Last week I collaborated with the Master of Educational Innovation. I shared with them some examples of the use of computing tools in education. Specifically, I focussed on the use of digital humanities methods to improve the pedagogical approach. So, how techniques like text mining or sentimental analysis can help to educational innovation? Since, it is an area which go little further of my discipline, I searched some papers which deal with the matter.


I found some good papers which resume well the latest advances. For example: Ferreira‐Mello, R., André, M., Pinheiro, A., Costa, E., & Romero, C. (2019). Text mining in education. Wiley Interdisciplinary Reviews: Data Mining and Knowledge Discovery, 9(6).; or Romero, C., & Ventura, S. (2020). Educational data mining and learning analytics: An updated survey. WIREs Data Mining and Knowledge Discovery, 10(3).

To put it in practice, I chose a public domain dataset related with online education. In this case, I found a dataset on kaggle platform about another platform: medium, which is one of the most famous tools for spreading knowledge about almost any field. It is widely used to published articles on ML, AI, and data science. The dataset contains articles, their title, number of claps it has received, their links and their reading time. So I processed this data with the code you can find on github. I obtained the plot you can check bellow.

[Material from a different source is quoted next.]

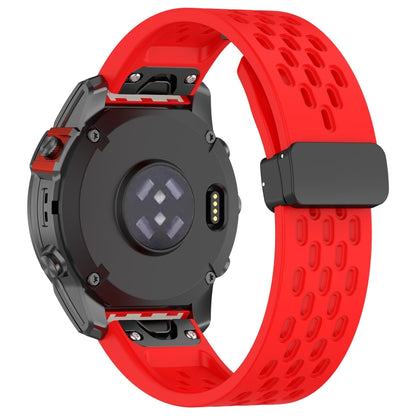 For Garmin Tactix 7 / Tactix DELTA Quick Release Holes Magnetic Buckle Silicone Watch Band(Red) - Watch Bands by buy2fix | Online Shopping UK | buy2fix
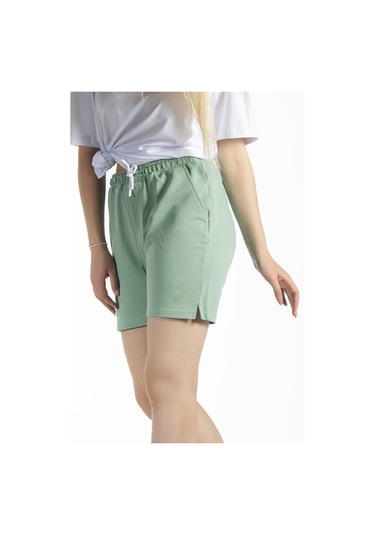 Kadın Mint Yeşili Basic Regular Fit Kısa Örme Bermuda Şort Mint Yeşil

Most frequent words have to do with keywords of the subject of the forum: machine learning, data and network.

The reading time of the articles which is more accepted is 17 minutes. Interes decreases soon when the article exceeds this length.

Something very similar happens with the title length. The attention falls of when the title has more than 50 words.

Finally, I used sentimental analysis. We can check how the more charge of sentiment the post has, the more claps it earns. This is quite suggesting. It corroborates the success of polarized speeches, even in educational contexts.